In Selichos, we approach Hashem, not from the greatness of a man before a King, but from the opposite assumption, based on man’s weakness, loneliness and helplessness. Selichos are filled with one idea, how can lowly man possibly approach G-d? Our right to approach Hashem in Selichos is based on the Gemora in Rosh Hashanah (17b) where it is recorded that Hashem told Moshe that “Every time that Israel sins, let them perform this service (13 Attributes of Mercy) and I will pardon them.”
These two approaches to prayer perhaps provide another answer to the question of why we don’t say viduy (confession), which is an essential component of Teshuva (along with regret and commitment to avoid transgression in the future) on Rosh Hoshana. Three of the approaches to this question are 1) on the Day of Judgement, we don’t want to mention our transgressions; 2) on this day we practice Hirhur Teshuva, which is a preparation for actual Teshuva; 3) we are actually performing the commitment to the future aspect of Teshuva. But at the end of the day, this is one of the ten days of Teshuva, when Hashem is especially accessible to grant atonement for our sins, so why don’t we take advantage with full Teshuva?
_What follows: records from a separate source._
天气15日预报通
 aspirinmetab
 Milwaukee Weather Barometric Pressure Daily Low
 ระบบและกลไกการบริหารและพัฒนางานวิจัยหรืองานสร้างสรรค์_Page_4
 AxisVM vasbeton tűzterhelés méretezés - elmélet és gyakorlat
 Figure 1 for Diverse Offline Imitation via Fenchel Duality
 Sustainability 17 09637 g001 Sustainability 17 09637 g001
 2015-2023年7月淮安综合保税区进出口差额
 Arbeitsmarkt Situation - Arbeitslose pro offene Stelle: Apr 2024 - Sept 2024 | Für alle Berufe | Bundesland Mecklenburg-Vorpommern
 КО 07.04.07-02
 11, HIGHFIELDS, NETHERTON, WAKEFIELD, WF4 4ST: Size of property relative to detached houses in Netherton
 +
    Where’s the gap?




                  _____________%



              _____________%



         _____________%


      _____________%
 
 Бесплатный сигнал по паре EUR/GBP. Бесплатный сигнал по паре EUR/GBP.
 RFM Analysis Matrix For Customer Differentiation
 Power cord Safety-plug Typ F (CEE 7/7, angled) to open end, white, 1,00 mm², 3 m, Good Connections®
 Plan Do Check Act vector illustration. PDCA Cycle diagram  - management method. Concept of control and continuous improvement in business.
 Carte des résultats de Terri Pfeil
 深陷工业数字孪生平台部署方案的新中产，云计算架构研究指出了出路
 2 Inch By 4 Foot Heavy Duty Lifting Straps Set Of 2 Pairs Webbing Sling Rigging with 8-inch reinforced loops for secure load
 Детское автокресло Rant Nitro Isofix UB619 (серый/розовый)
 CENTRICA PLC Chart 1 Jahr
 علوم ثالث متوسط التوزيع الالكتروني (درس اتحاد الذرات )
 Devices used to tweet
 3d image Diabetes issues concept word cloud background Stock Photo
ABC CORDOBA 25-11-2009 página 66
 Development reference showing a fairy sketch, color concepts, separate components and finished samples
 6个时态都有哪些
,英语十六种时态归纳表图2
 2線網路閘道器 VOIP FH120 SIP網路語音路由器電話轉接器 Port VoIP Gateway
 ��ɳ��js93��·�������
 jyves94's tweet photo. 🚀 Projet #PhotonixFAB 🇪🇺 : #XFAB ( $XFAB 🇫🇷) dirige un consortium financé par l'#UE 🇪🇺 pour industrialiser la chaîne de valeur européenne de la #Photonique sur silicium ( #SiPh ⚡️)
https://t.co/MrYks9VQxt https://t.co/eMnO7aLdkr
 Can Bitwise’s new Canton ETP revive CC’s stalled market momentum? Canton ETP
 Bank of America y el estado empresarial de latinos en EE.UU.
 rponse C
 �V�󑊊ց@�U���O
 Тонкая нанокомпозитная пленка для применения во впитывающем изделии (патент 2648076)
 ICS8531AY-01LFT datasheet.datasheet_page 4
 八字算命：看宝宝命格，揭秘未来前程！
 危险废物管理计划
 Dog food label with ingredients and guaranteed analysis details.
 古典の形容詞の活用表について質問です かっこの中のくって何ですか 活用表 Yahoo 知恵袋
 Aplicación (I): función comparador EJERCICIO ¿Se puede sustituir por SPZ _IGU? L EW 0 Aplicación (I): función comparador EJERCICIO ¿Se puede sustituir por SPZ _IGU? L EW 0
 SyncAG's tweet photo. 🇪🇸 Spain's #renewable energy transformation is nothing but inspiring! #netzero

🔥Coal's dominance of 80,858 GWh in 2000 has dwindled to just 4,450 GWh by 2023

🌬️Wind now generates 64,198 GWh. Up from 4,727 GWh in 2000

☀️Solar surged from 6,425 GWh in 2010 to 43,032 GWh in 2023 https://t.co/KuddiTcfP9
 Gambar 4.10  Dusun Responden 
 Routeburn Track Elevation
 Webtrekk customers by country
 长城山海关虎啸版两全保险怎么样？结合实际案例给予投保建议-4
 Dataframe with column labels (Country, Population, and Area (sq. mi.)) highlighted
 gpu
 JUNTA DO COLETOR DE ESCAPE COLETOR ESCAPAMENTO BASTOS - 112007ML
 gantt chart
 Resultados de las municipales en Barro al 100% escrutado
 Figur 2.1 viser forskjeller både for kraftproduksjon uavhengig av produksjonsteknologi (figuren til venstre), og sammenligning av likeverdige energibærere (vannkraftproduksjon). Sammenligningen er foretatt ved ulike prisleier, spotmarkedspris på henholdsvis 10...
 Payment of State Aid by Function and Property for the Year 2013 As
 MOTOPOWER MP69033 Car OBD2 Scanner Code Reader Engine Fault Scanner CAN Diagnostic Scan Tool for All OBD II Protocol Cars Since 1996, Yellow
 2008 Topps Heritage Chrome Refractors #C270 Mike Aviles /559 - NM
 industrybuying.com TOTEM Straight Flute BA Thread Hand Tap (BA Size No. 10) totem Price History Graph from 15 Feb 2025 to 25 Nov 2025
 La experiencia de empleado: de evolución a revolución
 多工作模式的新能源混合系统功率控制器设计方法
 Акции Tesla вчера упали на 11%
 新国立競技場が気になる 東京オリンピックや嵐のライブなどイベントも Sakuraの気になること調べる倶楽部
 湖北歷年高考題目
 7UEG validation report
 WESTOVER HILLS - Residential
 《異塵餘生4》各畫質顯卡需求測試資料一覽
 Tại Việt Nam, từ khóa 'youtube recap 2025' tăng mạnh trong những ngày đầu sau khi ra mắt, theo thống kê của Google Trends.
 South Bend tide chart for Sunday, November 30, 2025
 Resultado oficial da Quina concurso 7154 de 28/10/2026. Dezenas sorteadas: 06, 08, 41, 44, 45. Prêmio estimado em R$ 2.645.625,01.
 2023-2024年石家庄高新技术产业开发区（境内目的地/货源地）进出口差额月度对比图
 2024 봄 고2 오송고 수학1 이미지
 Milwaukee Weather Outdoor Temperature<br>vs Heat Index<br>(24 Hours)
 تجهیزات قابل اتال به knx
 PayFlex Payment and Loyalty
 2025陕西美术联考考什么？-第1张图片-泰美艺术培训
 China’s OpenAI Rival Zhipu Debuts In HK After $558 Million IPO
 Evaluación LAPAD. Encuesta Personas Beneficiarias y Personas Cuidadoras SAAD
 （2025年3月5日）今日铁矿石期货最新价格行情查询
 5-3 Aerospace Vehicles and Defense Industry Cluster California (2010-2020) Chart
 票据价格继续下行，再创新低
Another possible answer is that based on the two types of prayer, there are actually two types of Teshuva. The first is a general return to the ways of Hashem, the Teshuva mentioned in Parsha Nitzavim. The theme of Rosh Hoshana is that Hashem is King and He has a plan from the beginning of creation through the giving of the Torah at Sinai and culminating with the coming of Moshiach. The mitzvah of the day, the Shofar, is to tell us to pay attention to the plan, just as we were notified of the plan with the Shofar at Sinai and will be notified with the coming of Moshiach. This is our day to choose to be an integral part of the plan, to approach G-d from our potential greatness, just as we approach the King in the Shemoneh Esrai.
The second type of Teshuva is the atonement for the mistakes of the past. To achieve this atonement we need the full battery of viduy, regret and future committment. We must come to Hashem and admit that we have serious deficiencies as a result of our thoughts and actions and we are asking Hashem to help eliminate the stains we have created. This Teshuva requires the prayer of Selichos with our admission of weakness and helplessness, and the turning towards Hashem for help, as He directed us when he gave us the 13 Middos.
On Rosh Hoshana we are focused on the coming before the King, the positive commitment to Teshuva, drawing on the potential greatness of man. We sing and pray about the King, His plan and our commitment to our role. On the rest of the days of Teshuva we have to clean up our deficiencies, it’s the Teshuva of atonement, with its Viduy, regret, commitment, and Selichos.
As Baalei Teshuva we are well aware of these two types of Teshuva. We know we have many deficiencies in areas such as Torah knowledge, Torah non-compliant acts, and the many character traits we must work on. But at the same time we have all had the opportunity to explicitly sign on to the plan. When we decided to accept the yoke of Mitzvos and change significant parts of our lives, we demonstrated our striving for greatness in our service of the King.
When we held the Beyond BT Passaic Shabbaton many years ago, I mentioned these two aspects of Baalei Teshuva, our many deficiencies and our growth orientation and commitment to Torah. One speaker, a Baal Teshuva, jokingly remarked that until today he didn’t realize he had so many problems, while another speaker, who is frum from birth, remarked that the reason he came to the Shabbaton and “religiously” reads Beyond BT is because he wants to be part of a group that is so committed to their own and each other’s growth.
As we approach the Yomin Noraim we need to focus on both types of Teshuva. We have to accept and understand that we have our deficiencies, our stains, our areas to improve – and here we need the Teshuva of viduy and of atonement. We also have to realize that although we may have signed up for the plan many years ago, we have to re-enlist on a yearly basis.
Rosh Hoshana is the day when we get a clear picture and the need to strive for the greatness that the picture offers. We must try to work up to the same enthusiasm we had in our original commitment. These dual messages of Teshuva have the potential to unite all Jews as we are all Baalei Teshuva when we commit to our potential greatness, while at the same time recognizing, admitting and continuing to work on our deficiencies.
May we all have a Kesiva V’Chasima Tova.